─── RECORD EXCERPTS
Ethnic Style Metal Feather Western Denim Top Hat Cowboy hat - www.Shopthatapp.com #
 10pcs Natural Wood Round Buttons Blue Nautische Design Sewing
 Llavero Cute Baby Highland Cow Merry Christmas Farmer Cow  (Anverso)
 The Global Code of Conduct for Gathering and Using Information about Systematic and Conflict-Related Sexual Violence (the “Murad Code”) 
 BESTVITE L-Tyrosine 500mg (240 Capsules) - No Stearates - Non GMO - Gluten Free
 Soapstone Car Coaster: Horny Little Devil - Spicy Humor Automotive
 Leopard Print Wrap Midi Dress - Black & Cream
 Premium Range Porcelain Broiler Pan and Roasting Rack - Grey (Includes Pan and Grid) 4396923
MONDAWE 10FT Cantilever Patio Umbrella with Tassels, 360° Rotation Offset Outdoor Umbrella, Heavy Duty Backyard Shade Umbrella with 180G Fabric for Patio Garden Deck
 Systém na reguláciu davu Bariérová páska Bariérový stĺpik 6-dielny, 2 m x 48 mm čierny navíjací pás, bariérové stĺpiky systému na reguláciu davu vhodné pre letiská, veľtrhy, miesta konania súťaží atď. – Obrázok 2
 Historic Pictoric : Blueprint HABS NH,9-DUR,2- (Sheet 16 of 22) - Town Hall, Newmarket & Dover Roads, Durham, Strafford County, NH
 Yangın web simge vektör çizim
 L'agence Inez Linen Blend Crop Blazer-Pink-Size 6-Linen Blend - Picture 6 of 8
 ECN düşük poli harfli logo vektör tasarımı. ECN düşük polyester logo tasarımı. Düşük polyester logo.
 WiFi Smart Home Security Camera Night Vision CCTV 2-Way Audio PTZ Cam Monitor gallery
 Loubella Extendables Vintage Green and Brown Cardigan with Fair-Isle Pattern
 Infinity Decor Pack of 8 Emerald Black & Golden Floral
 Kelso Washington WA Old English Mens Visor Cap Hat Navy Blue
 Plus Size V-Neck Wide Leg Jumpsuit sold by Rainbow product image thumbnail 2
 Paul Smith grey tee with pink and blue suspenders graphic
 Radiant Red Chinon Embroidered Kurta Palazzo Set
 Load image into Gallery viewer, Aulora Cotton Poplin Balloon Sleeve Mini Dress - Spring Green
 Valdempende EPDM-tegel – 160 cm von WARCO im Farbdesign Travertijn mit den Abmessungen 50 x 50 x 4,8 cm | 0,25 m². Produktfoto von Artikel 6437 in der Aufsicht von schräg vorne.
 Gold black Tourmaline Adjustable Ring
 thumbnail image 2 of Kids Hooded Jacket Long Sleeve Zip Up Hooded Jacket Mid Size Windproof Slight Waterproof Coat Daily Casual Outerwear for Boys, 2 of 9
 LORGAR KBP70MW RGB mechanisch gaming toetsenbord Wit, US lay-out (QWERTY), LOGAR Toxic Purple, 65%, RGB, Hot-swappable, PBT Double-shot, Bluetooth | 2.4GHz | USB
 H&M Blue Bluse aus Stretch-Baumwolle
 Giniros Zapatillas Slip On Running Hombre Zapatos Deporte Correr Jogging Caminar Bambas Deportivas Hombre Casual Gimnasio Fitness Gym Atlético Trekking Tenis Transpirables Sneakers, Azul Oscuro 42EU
──────
PROBLEM TO WORK ON:
When the line containing "BESTVITE L-Tyrosine 500mg" is reached, include it and stop. Until then, output each line of the entries exactly as given, starting from the first.

TASK ANSWER:
Ethnic Style Metal Feather Western Denim Top Hat Cowboy hat - www.Shopthatapp.com #
 10pcs Natural Wood Round Buttons Blue Nautische Design Sewing
 Llavero Cute Baby Highland Cow Merry Christmas Farmer Cow  (Anverso)
 The Global Code of Conduct for Gathering and Using Information about Systematic and Conflict-Related Sexual Violence (the “Murad Code”) 
 BESTVITE L-Tyrosine 500mg (240 Capsules) - No Stearates - Non GMO - Gluten Free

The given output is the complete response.